Phew! There you go, week number 10 and still enjoying it. The bootcamp has been going at a steady, fast pace and I have been learning a lot. This week was dedicated to debugging and testing.

As you probably know, debugging is one of the most important skills to foster as a developer. Using print statements can be helpful but it can only take you so far. Instead, you can use some of the tools at your disposal to tackle this important task. In this case, we had a look at the tools and capabilities offered by Apple in Xcode.

We started with breakpoints as a way to stop code execution at crucial points letting us inspect our variables. We covered how to use the graphical tools in Xcode, but also how to use the LLDB, the debugger component of the Low Level Virtual Machine (LLVM) project. We talked about three main commands in LLDB:

  • po self – print object
  • p – an abbreviation for expression, this means that we can make changes to values at debugging
  • fr v – similar to p but it can’t evaluate expressions. In SwuiftUI we would need to access things with underscores or with self

We can create variables that persist for the duration of the debugging session by prefixing them with dollar signs:

p let @textCopy = text
po textCopy

Not that this works with p and po but not with fr v.

We can step into the debugging stack with LLDB

  • s – next method
  • n – step over
  • finish – step out
  • c – continue

We can call a method without breakpoint with p methodWithoutBreakpoint() and c to continue. We can do the opposite for methods with breakpoints with express -I false -- methodWithBreakpoint().

There are other ways to create breakpoints:

  • Swift Error Breakpoint – used to get to the room cause of unexpected behaviour provided the error comes from your own code.

Breakpoints can be shared: Right click on a breakpoint and select Move Breakpoint To > User, this will share the breakpoint across all Xcode projects on your Mac. In a team context you can choose “Share Breakpoint” – this will move the breakpoint to a shared section. You can get to this by looking at the package contents of your project and look for xcshareddata > xcdebugger.

You can get a visual representation of the memory usage with the Debug Memory Graph. First launch the app to run on a device in the simulator and then hit the Debug Memory Graph button – The icon that looks like a three node graph you can use the Malloc Stack logging.

Another way to create breakpoints that work with combine is the use of .breakpointOnError()or as follows:

   receiveSubscrition: { _ in true },
   receiveOutput: { $0 == "New value" },
   receiveCompletion: { _ in true }

These will get triggered when the events detailed are received, in this case the code will break when the a published value is new value.


Debugging can help you trace the bug in your code, but by that point the bug was already created.

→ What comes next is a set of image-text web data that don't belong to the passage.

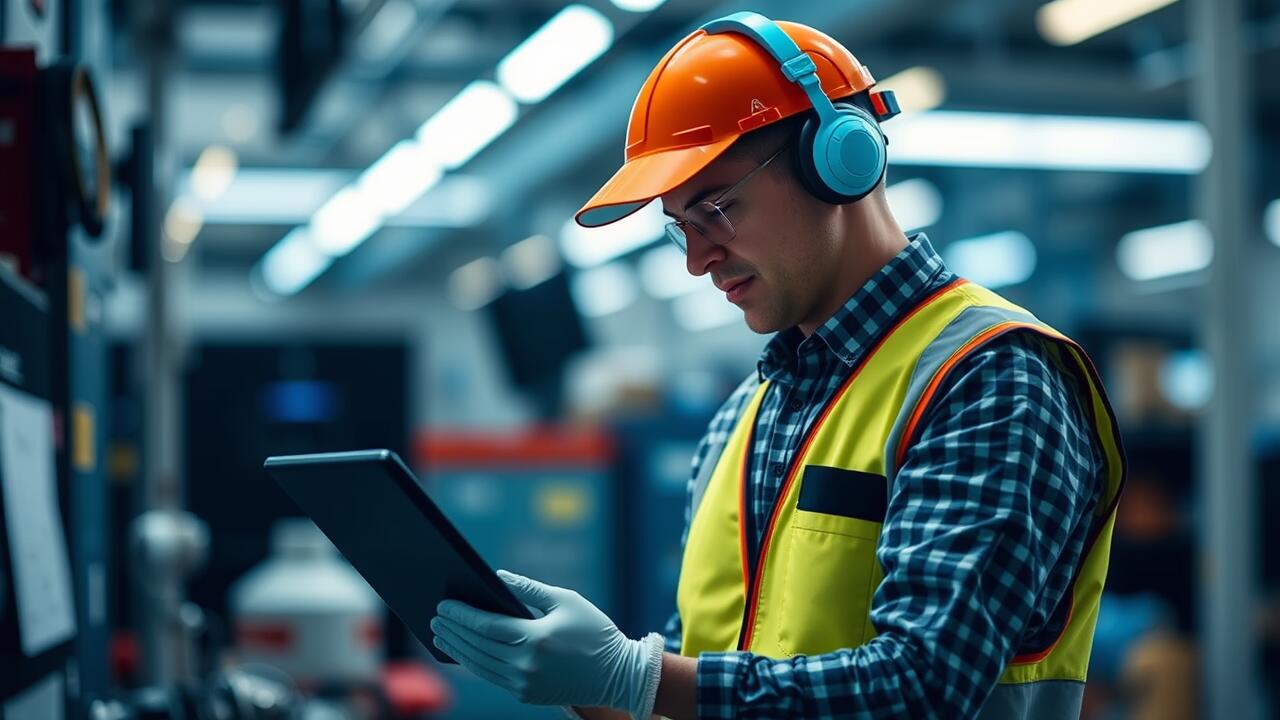 What is the best AI for customer service?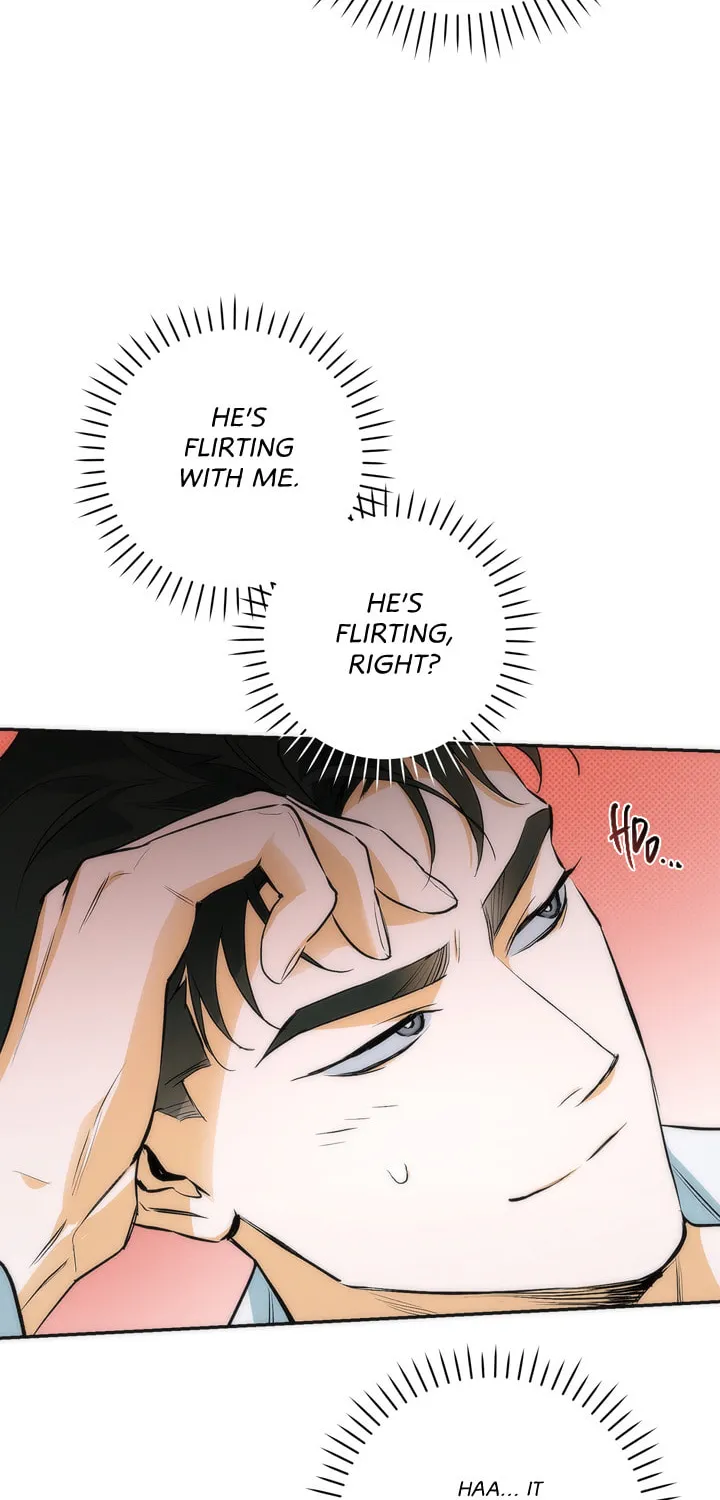 Read Off Track chapter 6 image 48 on Lezhin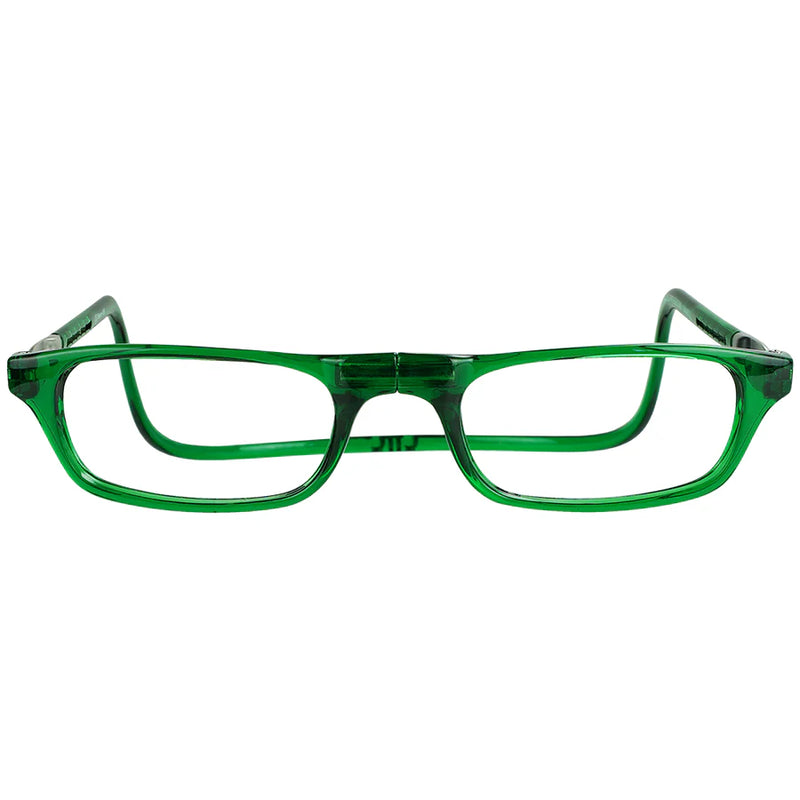 Original Reading Glasses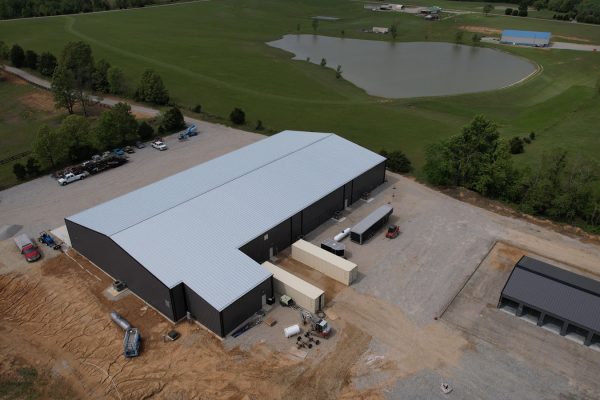 mowear-motorsport-patton-mo-missouri-00011 mowear-motorsport-patton-mo-missouri-00011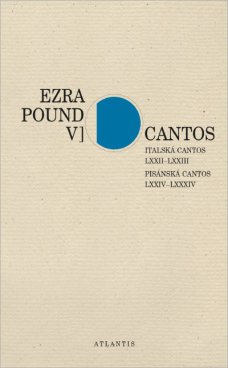 Cantos V.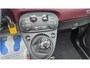 Fiat 500C 1.0 Hybrid Star | Clima | Apple/Android Carplay | 16" velgen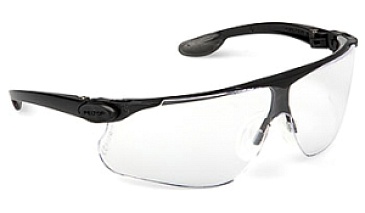 3M™ MAXIM™ extra comfort spectacles (13225-00000M)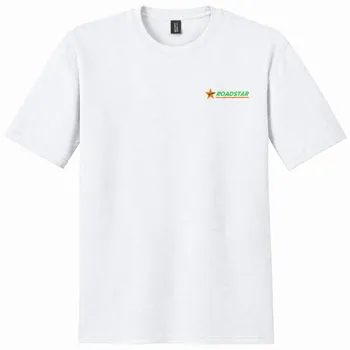 District Perfect Tri Tee. DM130 - Custom Phone Wallets Now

Testing can help ensure your functionality is correct and reduce the amount of bugs in your code.


Unit testing is one of those programming concepts that can seem much more complicated than it actually is. It’s a great way to protect your code from bugs and reduce the need for manual testing. A unit test is essentially just a function that invokes some of your code and then asserts the right thing happens. We covered the use of the XCTest framework.


While it’s not as common as unit testing, UI testing is a good skill to have. It’s the ultimate integration test, because you’re seeing the app exactly as your users do. There’s no knowledge on how your code is structured, you’re only interested in how your UI works. We covered how to implement UI tests using the XCUITest framework.

Jelly Belly Update

The main update for the Jelly Belly app was behind the scenes, implementing unit and UI tests and making sure that the code works under a number of circumstances.

I enjoyed looking at the automated tests taking place before my eyes!